Last year, the company dropped plans for bus and passenger car models and focused on electric vans, planning a UPS fleet that would be built in one of Arrival’s microfactories. The EV startup, which already has its US headquarters in Charlotte, North Carolina, has announced plans for his second microfactory in South Carolina after the first microfactory opened in South Carolina. In the meantime, the company, based in Bicester, England, has made considerable progress in its production plans for a large coach bus and has also obtained model certification.
Arrival will soon become a much smaller company dedicated to electric vans, a purpose-built model for logistics companies and other businesses.
This week, the company appointed a new CEO and maintains plans to begin assembling vans in South Carolina in 2024, but “we need to raise additional funding.” , is cutting costs and cutting hundreds of employees just months after laying off nearly all of its UK staff. At the end of 2022, the company still had $205 million in cash.
“Combined with other cost savings in real estate and third-party spending, the company expects to halve its ongoing cash costs of operating its business to approximately $30 million per quarter,” the company said. I’m here.

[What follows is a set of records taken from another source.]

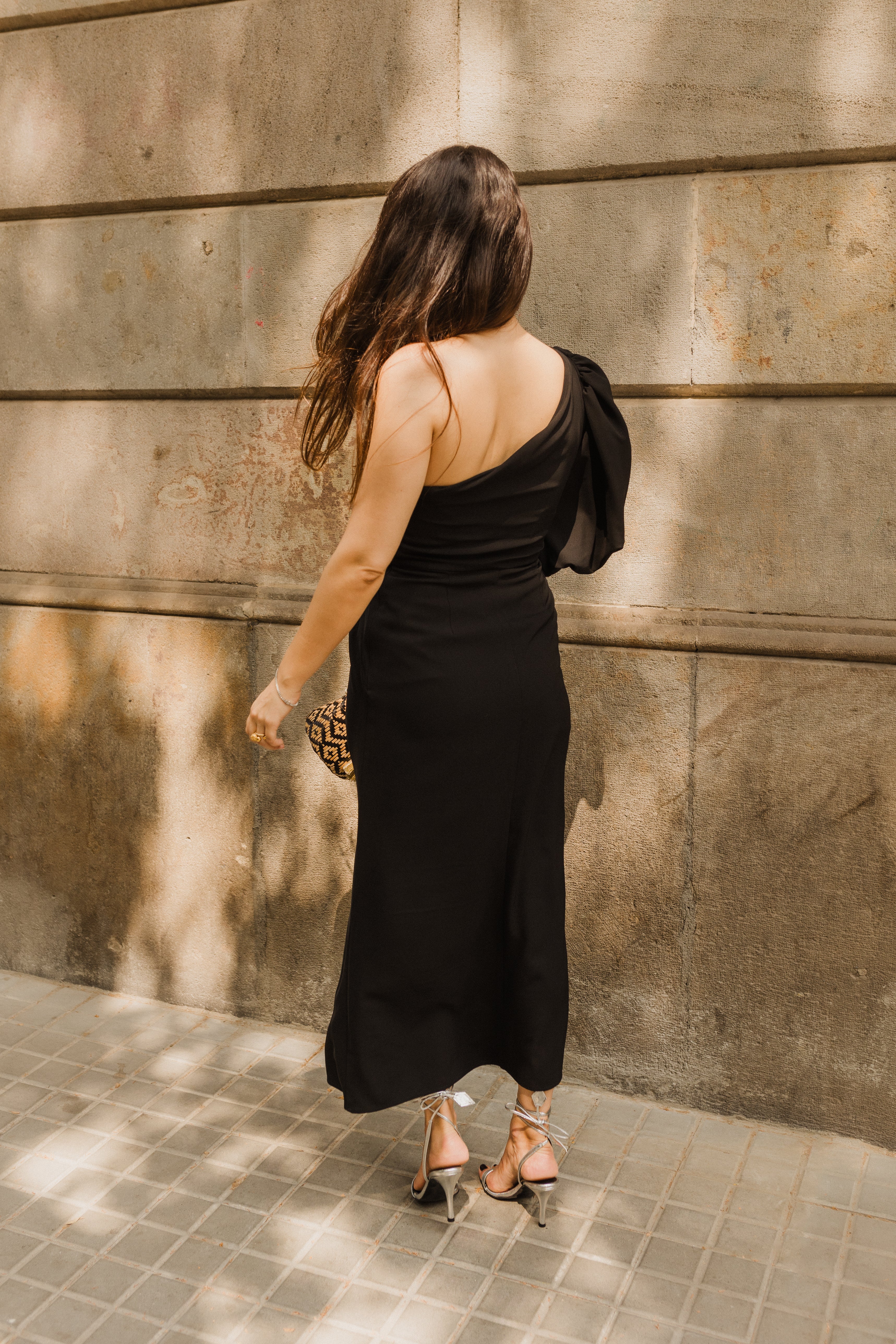 FIONA SILVER LAMINATED LEATHER HEEL SANDAL 8CM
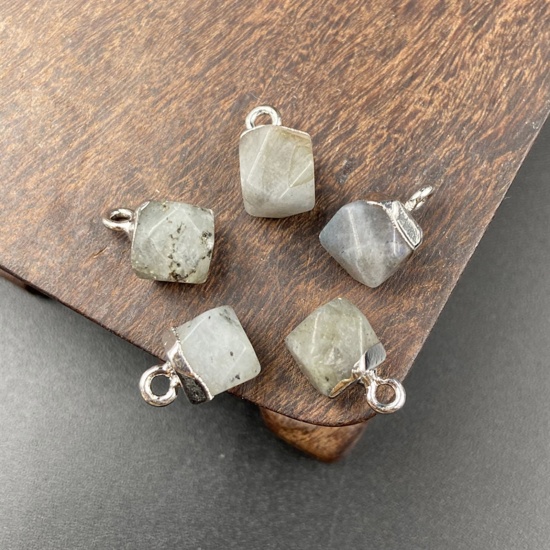 Picture of Labradorite ( Natural ) Charms Silver Tone Gray Octagon Faceted 12mm x 8mm, 1 Piece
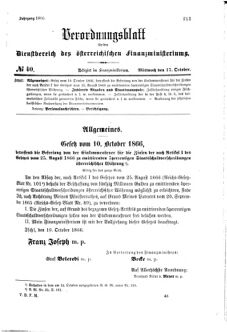 Verordnungsblatt für den Dienstbereich des K.K. Finanzministeriums für die im Reichsrate Vertretenen Königreiche und Länder 18661017 Seite: 1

In November, Arrival cited the Inflation Reduction Act (IRA), which is expected to provide tax credits of $7,500 to $40,000, as a motivation for moving to the states.
But even in a more favorable situation from a tax perspective, Arrival faces many of the same problems, including many of its competitors such as BrightDrop and Rivian. Note that both of these competitors have already started producing their respective electric vans.
If it feels like many EV startups just getting close to production are trying to cut costs by cutting a large portion of their workforce, that’s why even those that have already started production, including Rivian, Because that’s actually the trend at the moment. Arrival is the latest startup facing increasing pressure as it nears statewide production launch amid growing skepticism in the tech sector regarding EV startups.